Abbassi lievemente la ciotola e scorgi lo sguardo di tua madre fisso su di te. Ti guarda con affetto e fermezza. Torni ad inzuppare il tuo volto nel latte. È stata lei a stabilire che era giunto il momento, il momento di farti diventare donna, perché lei alla tua età pesava quasi quindici chili più di te e aveva sposato tuo padre pochi mesi più tardi. E quindi una mattina a colazione ti aveva servito una doppia razione di zuppa d’avena e ti aveva detto che quel giorno cominciava il tuo gavage e che avevi tre mesi per prendere venti chili. 

Da allora ogni settimana un uomo con lo sguardo impassibile viene a casa vostra armato di una grande bilancia argentata e ogni volta, immancabilmente, tu e tua madre vi sporgete impazienti e fiduciose a leggere il verdetto sentenziato dall’ago, che puntualmente si posiziona su un numero che non soddisfa le vostre aspettative.

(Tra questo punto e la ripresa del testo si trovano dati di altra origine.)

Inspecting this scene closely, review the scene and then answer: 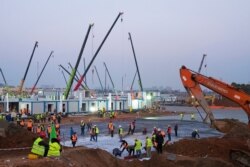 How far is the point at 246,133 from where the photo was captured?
91.2 ft

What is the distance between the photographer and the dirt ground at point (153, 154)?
16656 millimetres

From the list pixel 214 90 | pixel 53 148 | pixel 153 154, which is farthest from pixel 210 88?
pixel 53 148

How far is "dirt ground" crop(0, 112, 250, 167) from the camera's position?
54.6 feet

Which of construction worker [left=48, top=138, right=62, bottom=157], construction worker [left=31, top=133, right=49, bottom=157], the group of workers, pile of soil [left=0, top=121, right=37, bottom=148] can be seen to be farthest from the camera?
pile of soil [left=0, top=121, right=37, bottom=148]

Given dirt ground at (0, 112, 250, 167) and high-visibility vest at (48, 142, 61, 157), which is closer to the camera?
high-visibility vest at (48, 142, 61, 157)

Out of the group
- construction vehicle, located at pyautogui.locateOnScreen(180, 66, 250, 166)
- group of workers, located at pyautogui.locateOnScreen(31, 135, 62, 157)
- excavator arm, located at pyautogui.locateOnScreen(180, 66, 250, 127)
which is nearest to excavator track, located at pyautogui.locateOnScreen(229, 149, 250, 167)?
construction vehicle, located at pyautogui.locateOnScreen(180, 66, 250, 166)

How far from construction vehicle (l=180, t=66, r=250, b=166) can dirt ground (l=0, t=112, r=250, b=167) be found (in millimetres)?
692

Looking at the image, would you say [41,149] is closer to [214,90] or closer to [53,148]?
[53,148]

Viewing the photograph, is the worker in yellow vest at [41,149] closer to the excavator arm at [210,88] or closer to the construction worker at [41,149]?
the construction worker at [41,149]

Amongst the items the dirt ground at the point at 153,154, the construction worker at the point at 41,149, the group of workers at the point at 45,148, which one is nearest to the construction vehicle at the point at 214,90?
the dirt ground at the point at 153,154

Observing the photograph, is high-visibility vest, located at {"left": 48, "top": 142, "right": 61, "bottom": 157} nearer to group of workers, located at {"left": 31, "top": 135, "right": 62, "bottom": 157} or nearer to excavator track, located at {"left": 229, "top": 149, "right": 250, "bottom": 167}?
group of workers, located at {"left": 31, "top": 135, "right": 62, "bottom": 157}

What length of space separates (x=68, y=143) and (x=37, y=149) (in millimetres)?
14896

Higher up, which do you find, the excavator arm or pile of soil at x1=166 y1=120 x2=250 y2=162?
the excavator arm

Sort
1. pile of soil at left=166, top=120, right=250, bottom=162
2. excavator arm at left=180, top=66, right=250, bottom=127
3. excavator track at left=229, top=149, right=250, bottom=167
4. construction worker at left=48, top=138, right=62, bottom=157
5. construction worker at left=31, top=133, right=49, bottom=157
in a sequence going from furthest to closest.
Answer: pile of soil at left=166, top=120, right=250, bottom=162 → excavator arm at left=180, top=66, right=250, bottom=127 → excavator track at left=229, top=149, right=250, bottom=167 → construction worker at left=48, top=138, right=62, bottom=157 → construction worker at left=31, top=133, right=49, bottom=157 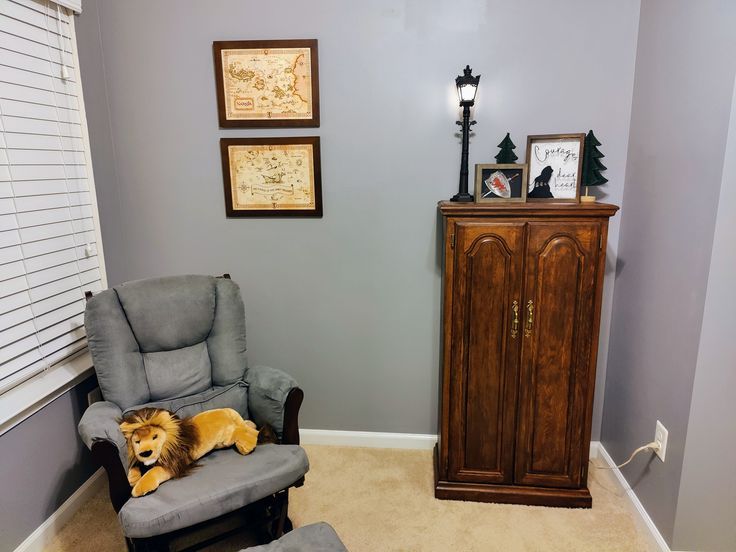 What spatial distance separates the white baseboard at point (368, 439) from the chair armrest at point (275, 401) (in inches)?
25.5

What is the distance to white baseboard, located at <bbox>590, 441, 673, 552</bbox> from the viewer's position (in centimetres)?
181

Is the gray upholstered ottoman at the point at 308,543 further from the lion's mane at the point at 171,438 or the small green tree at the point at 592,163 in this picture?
the small green tree at the point at 592,163

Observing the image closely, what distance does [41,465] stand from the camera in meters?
1.90

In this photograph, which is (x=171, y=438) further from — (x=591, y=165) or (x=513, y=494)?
(x=591, y=165)

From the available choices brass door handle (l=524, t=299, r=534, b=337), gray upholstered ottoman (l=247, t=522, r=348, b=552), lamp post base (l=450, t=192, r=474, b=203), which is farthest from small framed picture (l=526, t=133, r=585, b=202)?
gray upholstered ottoman (l=247, t=522, r=348, b=552)

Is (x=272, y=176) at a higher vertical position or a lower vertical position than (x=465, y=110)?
lower

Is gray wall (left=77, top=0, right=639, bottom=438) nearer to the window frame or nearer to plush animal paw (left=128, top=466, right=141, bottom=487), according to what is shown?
the window frame

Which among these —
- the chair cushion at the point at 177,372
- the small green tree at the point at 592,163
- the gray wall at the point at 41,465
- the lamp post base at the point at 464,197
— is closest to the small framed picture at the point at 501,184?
the lamp post base at the point at 464,197

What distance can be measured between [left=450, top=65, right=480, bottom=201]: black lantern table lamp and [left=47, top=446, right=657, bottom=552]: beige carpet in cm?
138

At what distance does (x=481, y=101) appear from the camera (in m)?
2.18

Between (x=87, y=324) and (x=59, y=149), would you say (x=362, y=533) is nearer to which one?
(x=87, y=324)

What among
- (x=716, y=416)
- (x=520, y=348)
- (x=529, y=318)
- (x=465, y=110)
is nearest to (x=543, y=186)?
(x=465, y=110)

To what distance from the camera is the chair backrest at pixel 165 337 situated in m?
1.87

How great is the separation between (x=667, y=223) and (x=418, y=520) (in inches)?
62.2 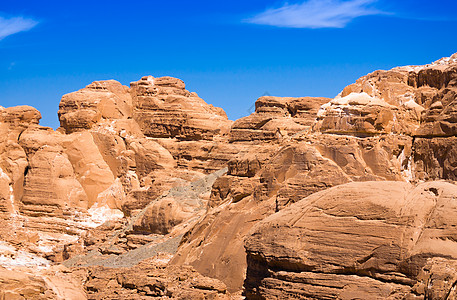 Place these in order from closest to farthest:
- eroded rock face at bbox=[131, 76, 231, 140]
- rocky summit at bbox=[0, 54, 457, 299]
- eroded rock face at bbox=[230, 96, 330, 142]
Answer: rocky summit at bbox=[0, 54, 457, 299] → eroded rock face at bbox=[230, 96, 330, 142] → eroded rock face at bbox=[131, 76, 231, 140]

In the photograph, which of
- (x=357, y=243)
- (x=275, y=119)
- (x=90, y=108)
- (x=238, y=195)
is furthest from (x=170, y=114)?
(x=357, y=243)

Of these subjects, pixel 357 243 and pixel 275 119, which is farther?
pixel 275 119

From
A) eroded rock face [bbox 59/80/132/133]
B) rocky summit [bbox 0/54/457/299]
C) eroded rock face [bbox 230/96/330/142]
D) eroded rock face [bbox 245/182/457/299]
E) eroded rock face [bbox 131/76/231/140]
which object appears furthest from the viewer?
eroded rock face [bbox 131/76/231/140]

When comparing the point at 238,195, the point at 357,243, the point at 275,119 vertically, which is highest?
the point at 275,119

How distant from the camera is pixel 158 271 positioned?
19281 millimetres

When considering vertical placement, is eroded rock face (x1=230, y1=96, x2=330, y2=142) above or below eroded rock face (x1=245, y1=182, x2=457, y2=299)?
above

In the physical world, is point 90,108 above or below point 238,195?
above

Tua madre sospira e tu esci dalla stanza imbronciata. Temi che tutte le cibarie che ti butti a forza giù per l’esofago non siano sufficienti e la tua paura più grande è essere spedita in un campo nel deserto e sottoporti alle angherie di qualche vecchia custode, come tua sorella. Tua sorella mangiava poco e vomitava spesso, quindi era stata mandata in una di queste strutture di ingrasso intensivo. Era tornata dopo un paio di mesi con tre dita dei piedi rotte e una decina di lividi. Però una nuova consistente patina di grasso ricopriva il corpo esile che avevi conosciuto nei vostri giochi di bambine. Si era sposata dopo poche settimane e aveva abbandonato la casa paterna per quella, sconosciuta e remota, di un uomo che aveva almeno il doppio della sua età. Ora la vedi raramente e, quando succede, ti racconta soltanto che il cuore le fa male e che non riesce a stare in piedi per più di dieci minuti.

Il latte è finito. Posi la ciotola. Hai un conato di vomito, ma riesci a trattenerti. Tua madre, dall’altro capo della stanza, ti sorride.